Presionó. Sentí la punta ancha y caliente forzando el paso, y todo mi cuerpo se tensó.
—Mmm… ahh… es mucho… —gemí, mordiéndome el labio.
—Shh. Sentilo entrar.
Empujó con una presión constante, sin retroceder. El anillo de músculo cedió de a poco, estirándose alrededor de él hasta que la cabeza entró por fin con un chasquido húmedo y mi cuerpo se cerró detrás, abrazándolo.
—Nnghh… —me escapó un sonido que no reconocí como propio—. Me estás abriendo…
—Así, chico. Ya está lo peor —gruñó, y avanzó otro centímetro.
Sentí cada relieve deslizándose dentro de mí, rozando paredes que nadie había tocado con tanta intención. El calor de su carne me invadía despacio, llenándome de a poco, y a cada centímetro yo dejaba escapar un jadeo entrecortado.
—Oh… la siento toda… —murmuré cuando por fin se enterró por completo, su cuerpo apretado contra el mío, el vello áspero rozándome la piel.
—Toda adentro —ronroneó, y giró las caderas, moviéndose dentro de mí, encontrando un punto que me hizo ver luces.
—Uhh… ahí… —gemí sin control, las piernas temblándome, todo mi cuerpo contrayéndose alrededor de él.
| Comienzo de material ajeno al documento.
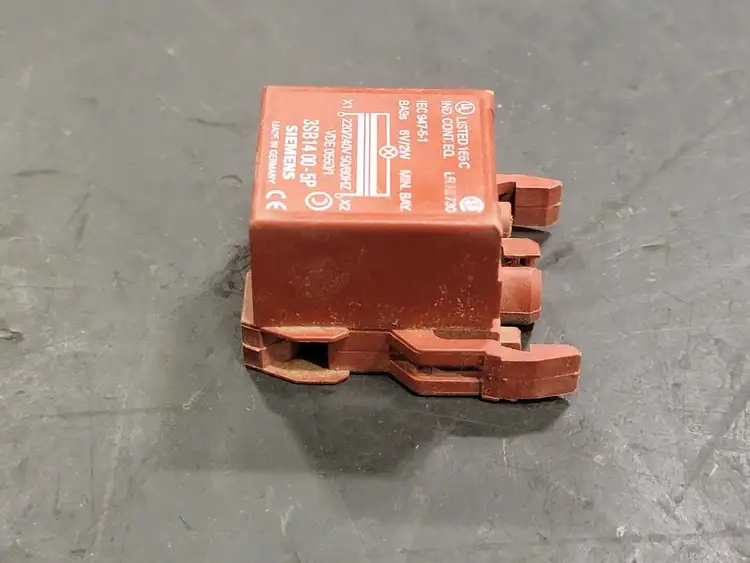Used SIEMENS 3SB1400-5P Lighting British Columbia CA | Lenmark #253869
Entonces empezó a moverse de verdad. Salía casi del todo, dejándome vacío un instante, y volvía a clavarse de golpe. El sonido de piel contra piel llenó el baño, mezclándose con el grifo, con el eco de los trenes, con mis propios jadeos que ya no me molestaba en contener.
—Sí… así… más fuerte —chillé con cada embestida, la voz rota.
Me sujetó de las caderas con las dos manos y aceleró. El ritmo se volvió brutal, exacto, cada golpe arrancándome un gemido nuevo. Yo apretaba las palmas contra el azulejo frío como si la pared pudiera sostenerme, pero ya no me sostenía nada.
—Te vas a venir así —dijo entre dientes, sin pedir permiso—. Con la mía adentro.
No hizo falta que me tocara. El placer me subió desde algún lugar profundo y reventó sin aviso. Me corrí contra la pared, el cuerpo convulsionando, cerrándome a su alrededor con una fuerza que lo hizo gemir.
—Nnghh… ahí va… —gruñó, hundiéndose hasta el fondo una última vez.
Lo sentí terminar dentro de mí, caliente, cada pulsación acompañada de un sonido grave que le salía del pecho. Se quedó así unos segundos, apretado contra mi espalda, los dos respirando como si hubiéramos corrido kilómetros.
Cuando se retiró, lo hizo despacio. Me apoyé en la pared, las piernas aún temblando, sin saber muy bien cómo había llegado hasta ahí desde un vagón de metro en una tarde cualquiera.
—Buen chico —murmuró, y me dio una palmada suave antes de subirse el cierre.
Giró el pestillo y se fue sin mirar atrás, como si nada de eso hubiera pasado. Yo me quedé un momento más en aquel baño sucio y mal iluminado, escuchando un tren entrar a la estación, pensando que la próxima vez que alguien se apretara contra mí en un vagón lleno, no iba a hacer falta que me dijera nada.